Seasons
- ← 19841986 →

= 1985 Australian Sports Car Championship =

The 1985 Australian Sports Car Championship was a CAMS sanctioned motor racing title for drivers of Group A Sports Cars. It was the 17th Australian Sports Car Championship and the first to be run concurrently with the Australian GT Championship.

1982 Australian Sports Car Champion Chris Clearihan won his second national title, driving a Kaditcha Chevrolet. Only 2.5 points behind Clearihan was Terry Hook in the ex-Guy Edwards owned Chevrolet powered Lola T610 (this car had previously competed at Le Mans in 1982 and 1983), while finishing 3rd in his Mazda powered JWS C2 (an FIA Group C2 sports car) was Jeff Harris.

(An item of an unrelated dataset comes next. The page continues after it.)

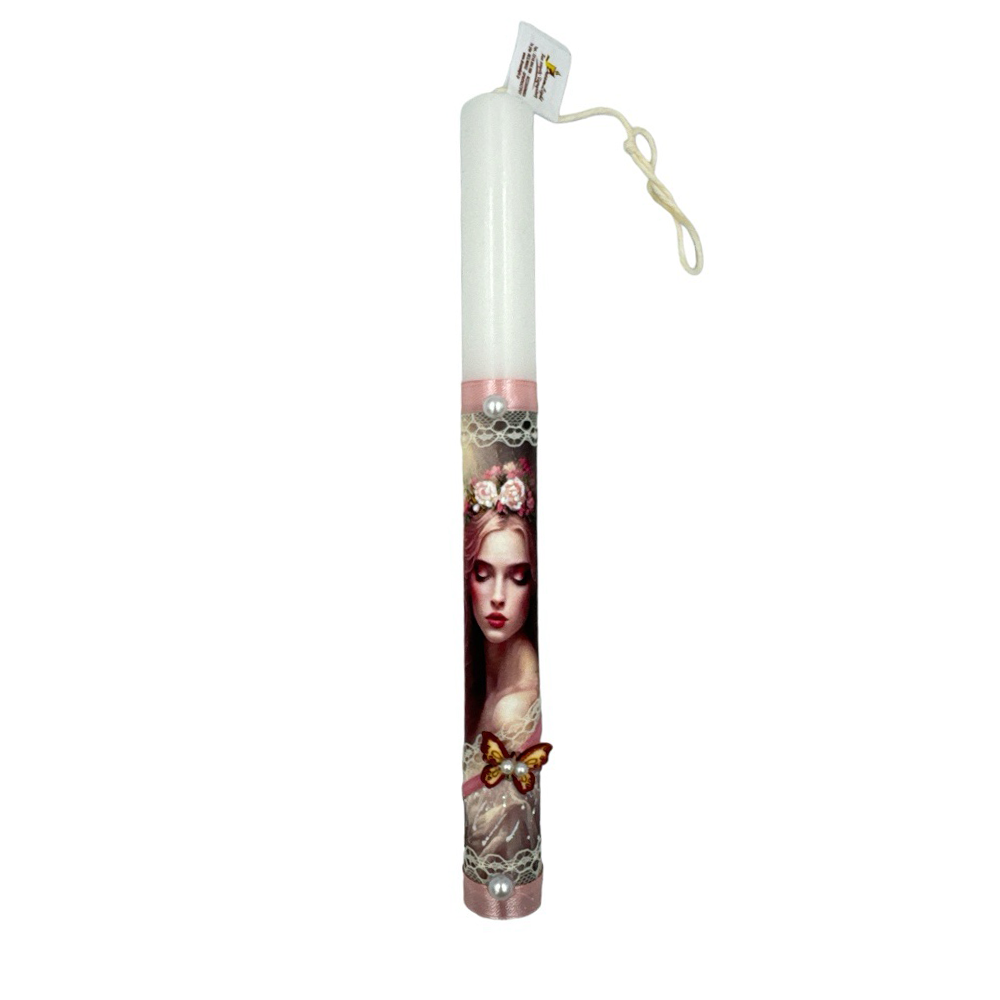 DreamlightΛαμπάδα κοπέλα πεταλούδαpapell.gr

The 1985 ASCC saw the début of the Veskanda C1 Chevrolet (using a 5.0L Formula 5000 engine) and driven by dual Australian Drivers' Champion John Bowe. Built in Adelaide by K&A Engineering and owned by ASCC driver Bernie Van Elsen, the Veskanda would go on to be regarded as Australia's fastest ever sports car and one of the countries fastest ever race cars. The Veskanda made its race debut in Round 4 at its home circuit, the Adelaide International Raceway where Bowe failed to finish, though he would win Round 5 at Melbourne's Calder Park Raceway, easily defeating the previously dominant Clearihan Kaditcha and Hook Lola. Bowe finished in 7th place in the championship with 25 points.

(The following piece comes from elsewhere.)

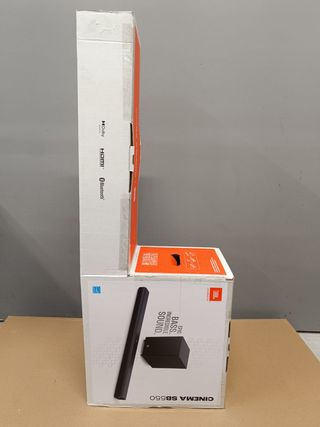 Barra de sonido JBL Cinema SB550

The 1984 Champion, Queenslander Bap Romano driving his 3.9L Cosworth DFL powered Romano WE84 was expected to bring a strong challenge in defence of his title despite now running in the outright class due to the larger Cosworth V8, but unreliability saw his challenge fade as the series progressed (prior to December 1984 the Romano WE84 had used an ex-Formula One 3.0 L Cosworth DFV V8 engine which put the car in Class B). In the defence of his title, Romano finished in 6th place having only scored 36.5 points.

==Schedule==
The championship was contested over a six-round series.

| Round | Circuit | State | Date | Format | Round winner | Car |
| 1 | Lakeside | Queensland | 24 March | One race | Chris Clearihan | Kaditcha Chevrolet |
| 2 | Oran Park | New South Wales | 5 May | Two heats | Chris Clearihan | Kaditcha Chevrolet |
| 3 | Winton | Victoria | 2 June | Two heats | Terry Hook | Lola T610 Chevrolet |
| 4 | Adelaide | South Australia | 30 June | One race | Terry Hook | Lola T610 Chevrolet |
| 5 | Calder Park | Victoria | 11 August | One race | John Bowe | Veskanda C1 Chevrolet |
| 6 | Surfers Paradise | Queensland | 25 August | One race | Chris Clearihan | Kaditcha Chevrolet |

==Classes==
Cars competed in three engine capacity classes.
- Up to 1.6 litres
- 1.6 to 3 litres
- Over 3 litres

==Points system==
For single race rounds, championship points were awarded to the top twenty outright placegetters in the Sports Car category, based on the following three tier structure:

Position: 1; 2; 3; 4; 5; 6; 7; 8; 9; 10; 11; 12; 13; 14; 15; 16; 17; 18; 19; 20
Up to 1.6 litres: 30; 27; 24; 21; 19; 17; 15; 14; 13; 12; 11; 10; 9; 8; 7; 6; 5; 4; 3; 2
1.6 to 3 litres: 28; 26; 23; 20; 17; 15; 14; 13; 12; 11; 10; 9; 8; 7; 6; 5; 4; 3; 2; 1
Over 3 litres: 25; 23; 20; 17; 15; 13; 11; 10; 9; 8; 7; 6; 5; 4; 3; 2; 1; -; -; -

For rounds contested over two heats, the same points system was applied to each heat, with the aggregate points achieved by each driver divided by two to determine the championship points allocation for the round.

==Results==

| Position | Driver | No. | Car | Entrant | Class | R1 | R2 | R3 | R4 | R5 | R6 | Total |
| 1 | Chris Clearihan | 22 | Kaditcha Chevrolet | Chris Clearihan | Over 3 litre | 25 | 25 | 11.5 | 23 | 20 | 23 | 127.5 |
| 2 | Terry Hook | 15 | Lola T610 Chevrolet | Terry Hook | Over 3 litre | 23 | 10 | 24 | 25 | 23 | 20 | 125 |
| 3 | Jeff Harris | 65 | JWS C2 Mazda | Jeff Harris | 1.6 to 3 litre | 17 | 21.5 | 14 | 20 | 20 | 20 | 112.5 |
| 4 | Ray Hanger | 5 & 8 | Rennmax Ford BDA | Ray Hanger | 1.6 to 3 litre | 23 | 13 | 23 | - | 15 | - | 74 |

Note: The above table lists only the first four placings in the championship.